- Posted by Johanna on January 21, 2006 at 7:33 am
- Category: Archie Comics
- CREDITS: written by Craig Boldman; art by Henry Scarpelli
- PUBLISHER: Archie Comics; $10.95 US
This book collects a selection of the Archie daily comic strips from the mid-1990s. Since the artists are limited to three panels, the gags focus on the core of the characters. Jughead’s lazy and eats a lot, Archie’s screwing up or looking for a date, Betty’s the nice girl next door, and so on. Jughead’s non-conformity, especially, gives him a lot of potential for wisecracks and silly circumstances. The characters look like they should, following what many think of as the classic style.

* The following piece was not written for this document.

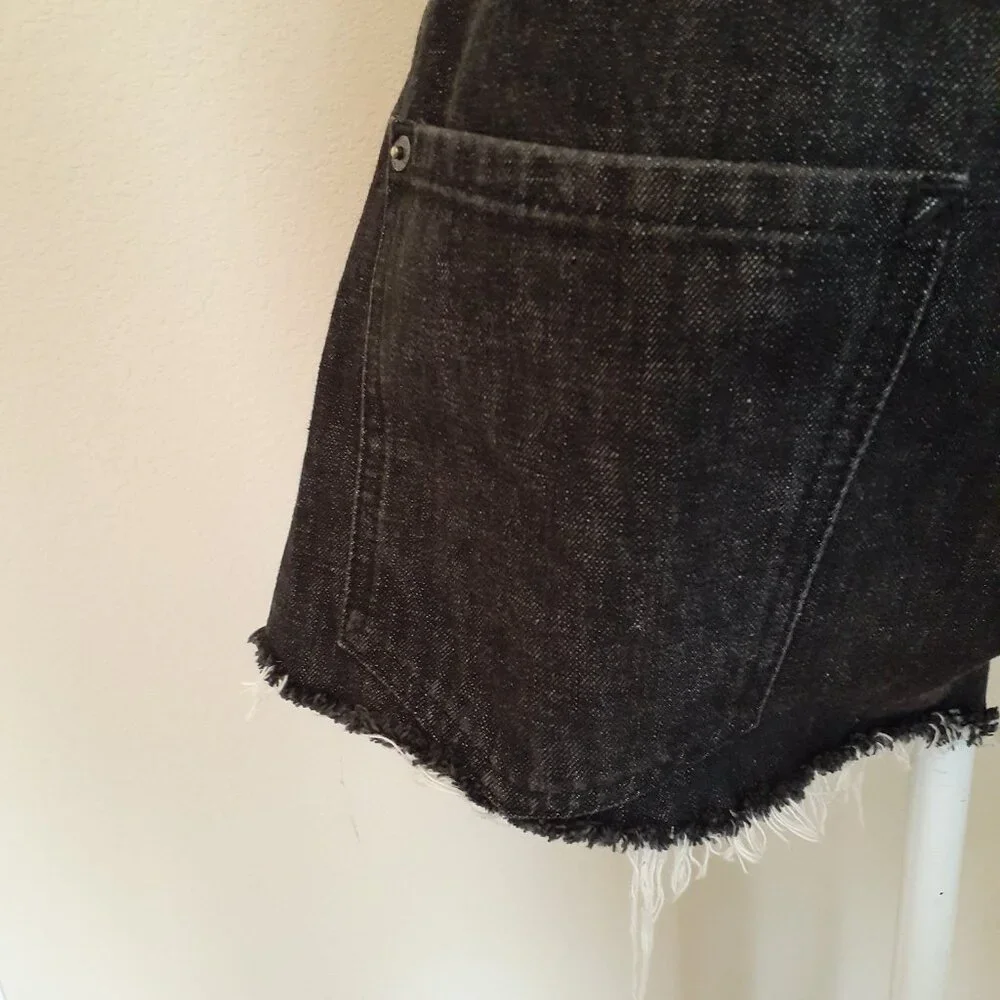 DSQUARED2 black cotton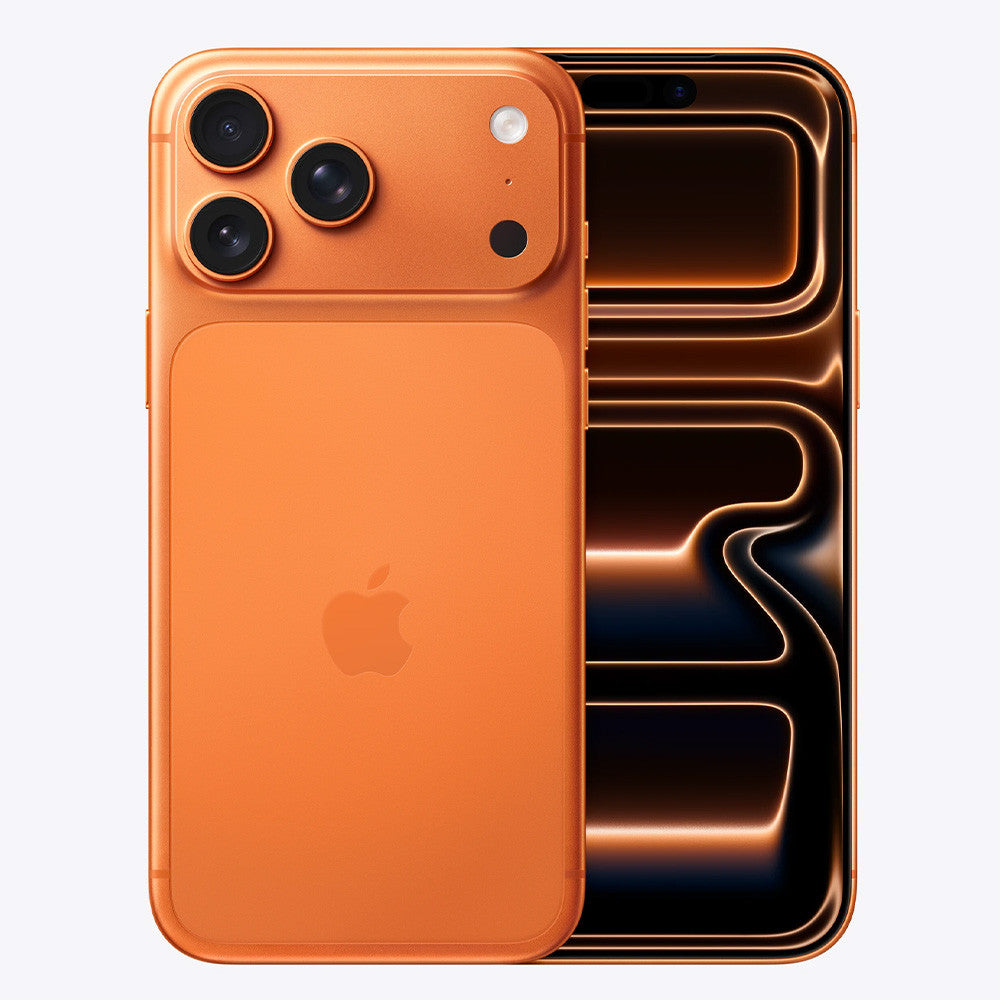 Apple iPhone 17 Pro Max 256GB (12GB RAM) Cosmic Orange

Scarpelli is obviously experienced in the way he constructs his panels. The art actually matters, adding to the punchlines instead of simply carrying them, or even serving as a visual gag. The lack of topicality of the jokes keeps these strips fresh for new readers. The writer is quoted as saying that the strip doesn’t try to be current or teach life lessons. Instead, it’s about characters and comedy. This comic strip ranks with some of the best Archie stories of the last decade.
The foreword (by Creators Syndicate president Rick Newcombe) captures some of the key points of appeal of the character — Archie represents childhood innocence, cheerful humor without violence or cynicism. It’s speculated that Archie has lasted over 50 years because he’s always been hopeful and optimistic, regardless of what’s going on in our culture. He’s got a nostalgic appeal to many who remember reading him when they were a kid. He’s the icon of the All-American boy.